ナンセンスな映画でも面白ければいいんです。意味不明な会話でも笑えたら拍手ものです。
ただこの映画は面白くもないし、笑えもしない。ただただくどいだけの物語です。この手の映画を僕は「キメ映画」と呼んでいます。
「フィフティ・シェイズ・オブ・グレイ」が自慰するためのオナニー映画だとしたら、この映画はドラッグでキメて見る「キメ映画」です。
麻薬でラリッてる人にはこういうナンセンスな内容の映画が爆笑できるらしく、登場人物が滑稽であればあるほどツボにはまるようです。

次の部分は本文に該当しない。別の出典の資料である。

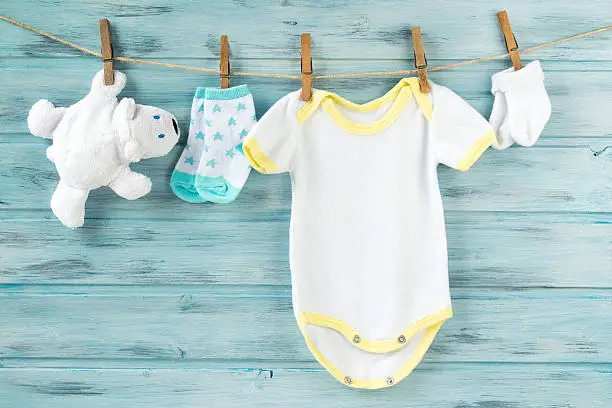 Photo of Baby clothes, onesie, socks, white bear toy on a clothesline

その一方で素面の人が見てもなんの面白味もなければ、ナンセンスな部分にこそ価値を見出しているような演出にイライラさせられるはずです。
特にマリファナでトロんとしているホアキン・フェニックス扮するドックの口調や間の取り方なんて耐えられないと思います。
欧米にはこの手のキメ映画が結構あるんですが、日本ではメジャーな映画の中ではあまり見かけませんね。
マイナーな作品の中で強いて挙げるなら短編集の「Grasshoppa! 」が僕はそうだと思っています。
昔、日本人の女の子でこのシリーズが大好きだっていう子がいたんですが、あの子も相当なキメキメ女でした。
こういう映画に嫌悪感を抱く人は正義感を最大限に発揮して、映画館で意味不明なシーンで大笑いしている人がいたら警察に突き出したら面白いかもしれません。
「容疑者、ホアキン・フェニックス」を見てもそうだけど、ホアキン・フェニックスがコメディーに向いていないのはもう分かりきってるのに、よりによってなんで彼を起用するんでしょうか。
コメディー俳優という枠があるように、やはりコメディーは誰にでもできるジャンルじゃないというのが分かりますね。寒いなんてもんじゃないです。
ただ、ホアキン・フェニックス以上に寒かったのが70年代を舞台にした風景や登場人物をスタイリッシュに見せようとしている演出です。
フィルムの色をセピアにして、服装をヒッピーぽっくして、マリファナを吸わせたら70年代って。コマやメンコで遊んでる日本の少年を使って「昭和」を描くのと同じぐらいしょぼいアイデアですね。